Rarely do we choose.

In a world designed for speed, stimulation, and survival.

True reflection is slipping through our fingers.

This isn’t a crisis of willpower.

It’s biology.

And it’s reshaping what it even means to have a mind.

In this piece, I want to explore a hypothesis.

That thinking isn’t our default state.

It’s a fragile biological window.

And that window is closing.

You didn’t choose to think about your ex while brushing your teeth.

You didn’t decide to replay that argument in the shower.

That wasn’t thinking.

That was being thought.

Most of us live there.

Beneath awareness.

Narrating.

Reacting.

Surviving.

But real thought.

Reflection, morality, and imagination are rarer qualities.
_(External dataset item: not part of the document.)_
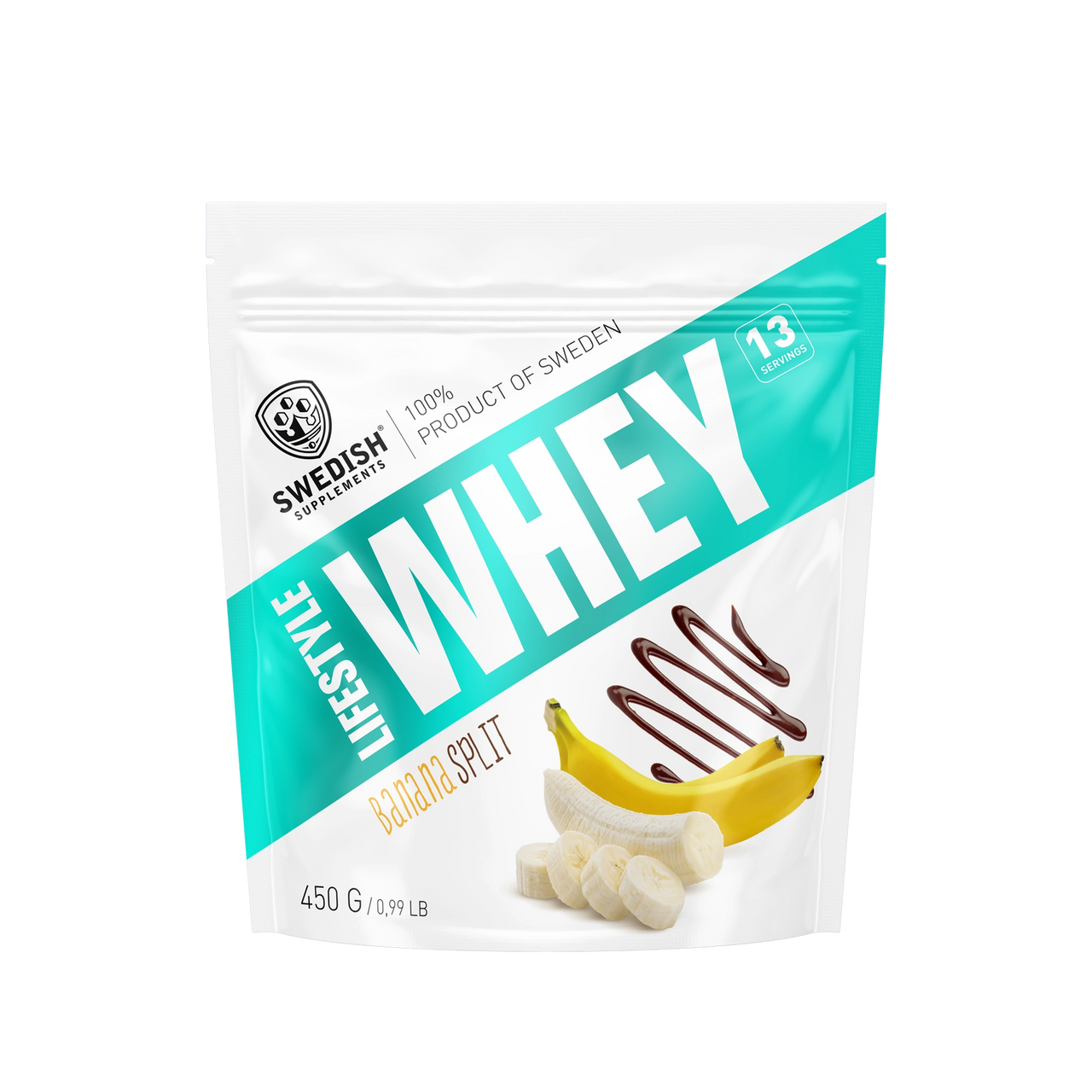 Swedish Supplements Lifestyle Whey 450 g proteinpulver i en vit och turkos påse för smaken Banana Split.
It requires more than a conscious mind.

It requires permission.

I call this state the Jellyfish Mind.

Reactive.
Automatic.
Elegantly built for survival.
But blind.

And for many of us.

Most of the time.

This is where we live.

Not because we’re lazy or distracted.

But because our biology hasn’t granted us the conditions for reflection.

When Thought Disappears

I’ve felt what it means to truly think.

Not to solve.

Not to perform.

But to reflect.

It doesn’t arrive on command.

It appears like light through clouds.

It happened on a beach in Bali.

Galyna had just won Business of the Year.

She’d built a preschool from heartwood and grit.

I finally convinced her to take a break.

We left our calendars behind and drifted east.

It was my mother’s 88th birthday.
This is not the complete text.